Multi-Modal Imager of Metabolome and Enzyme Dynamics for Co- Optimizing Yields and Titers in Biofuel Producing Microorganisms 

Andreas E. Vasdekis, University of Idaho 

Synopsis: The ultimate goal of this proposal is to develop imaging approaches enabling replacement of petroleum-derived fuels with plant-product derived biofuels via meeting the grand challenge of co-optimizing production titers and yields by metabolic engineering. This challenge emerges because introducing new synthetic pathways or debottlenecking existing ones often leads to non-optimal metabolic trade-offs between growth and production, thus hindering the improvement of production without disrupting growth. While predicting the genome-wide interactions between growth and productivity remains a central theme of systems-biology, another and considerably less understood issue pertains to how the compartmentalization of metabolic pathways can impact metabolic trade-offs. The project will develop a new imaging system that couples holographic imaging (to measure dry weight/mass of subcellular components) with lattice-light sheet-based fluorescence and Raman imaging (in a single instrument) to measure metabolic pathway localization, precursor utilization, and triacylglycerol (a fatty acid derivative) accumulation. The instrument will enable quantifying key performance metrics in biofuel production with single-cell resolution based upon metabolic trade-offs between growth and productivity, compartmental localization of metabolic pathways, and nutrient consumption. This project is a collaboration with Pacific Northwest National Laboratory. 
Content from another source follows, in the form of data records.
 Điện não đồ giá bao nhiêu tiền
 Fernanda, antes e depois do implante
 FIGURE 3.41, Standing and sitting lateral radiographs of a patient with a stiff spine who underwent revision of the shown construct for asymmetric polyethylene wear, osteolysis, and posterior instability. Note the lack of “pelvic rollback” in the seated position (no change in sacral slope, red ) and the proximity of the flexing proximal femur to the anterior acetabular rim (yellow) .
Development of broadband infrared nano-spectroscopy of biological materials in fluid 

Tina Jeoh, University of California 

Synopsis: This research aims to solve two major challenges – the mechanisms of cellulose hydrolysis by cellulases and the lack of label-free, nanometer scale and time-resolved imaging technique to study surface reactions in aqueous biological reactions. Elucidating how cellulases hydrolyze cellulosic substrates is a game-changer for the success of cellulosic biofuels and bioproducts. As the enzyme- catalyzed reactions occur at the surface of poorly characterized and complex plant cell wall matrices, the lack of means to map surface chemistry of the substrates in situ has severely hampered research progress. The development of a method that can map surface chemistry at the nanoscale over time in an aqueous reaction is a game changer not only for the study of cellulose hydrolysis reactions, but also for the study of any heterogeneous biological reaction. Thus, the goals of this research project are to overcome technological limitations to conducting detailed studies of surface reactions in aqueous biological systems with high spatial, chemical and time resolution, and to apply this method towards solving the mechanisms of enzymatic hydrolysis of cellulosic biomass. This project is a collaboration with Lawrence Berkeley National Laboratory.